The U.S. 30-year bond remained under pressure during Asia trading, with yields rising to 4.30 percent, up 1 basis point from late U.S. trading. On the other hand, the benchmark 10-year note gained ground, with yields down about 2 basis points to 3.32 pecent.
"The announcement of stress test results came with the best timing after market sentiment had already been improved by a slew of upbeat economic data along with a recovery of stock markets," said Yoshihisa Kanzaki, a trader at Shinkin Central Bank.
U.S. regulators told top banks on Thursday to raise $74.6 billion to build a capital cushion officials hope will restore faith in financial firms and set a course out of the deepest recession in decades.
U.S. stocks fell earlier in the day, before news of the tests was released, as investors took profits on the recent global share surge.

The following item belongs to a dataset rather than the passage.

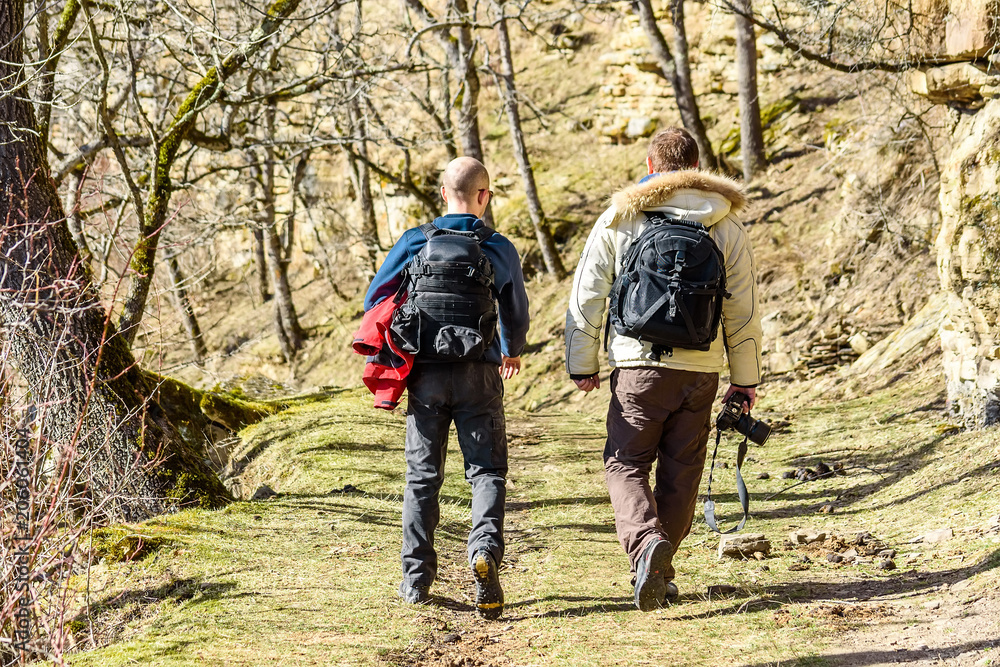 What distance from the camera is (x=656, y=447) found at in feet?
14.2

But removal of uncertainty over the test results helped send U.S. stock futures higher in after-hours trade, with the S&P 500 futures index up 0.7 percent.
The gains failed to translate in Asia, however, where the MSCI index of Asian stocks outside Japan fell 0.5 percent. The index had chalked up an 8.6 percent gain over the previous four sessions.
Among major indexes, only Japan's Nikkei average and South Korea's KOSPI advanced but only modestly. Other countries posted moderate losses.
Despite some signs that global economic downturn may be bottoming out, a major test will come later on Friday with the release of U.S. employment data for April.
Economists forecast a median 590,000 U.S. jobs were lost, which is down from March, but they also expect the unemployment rate to have gained to 8.9 percent from 8.5 percent in the previous month.
The safe-haven yen faltered, with the dollar edging up 0.2 percent to 99.38 yen near a three-week high of 99.80 yen hit the previous day on EBS.
The euro edged down 0.2 percent to $1.3367 as traders reduced long positions made the previous day after the European Central Bank's announcement it would buy about 60 billion euros worth of covered bank bonds was seen as underwhelming in light of much bigger similar measures taken in other countries.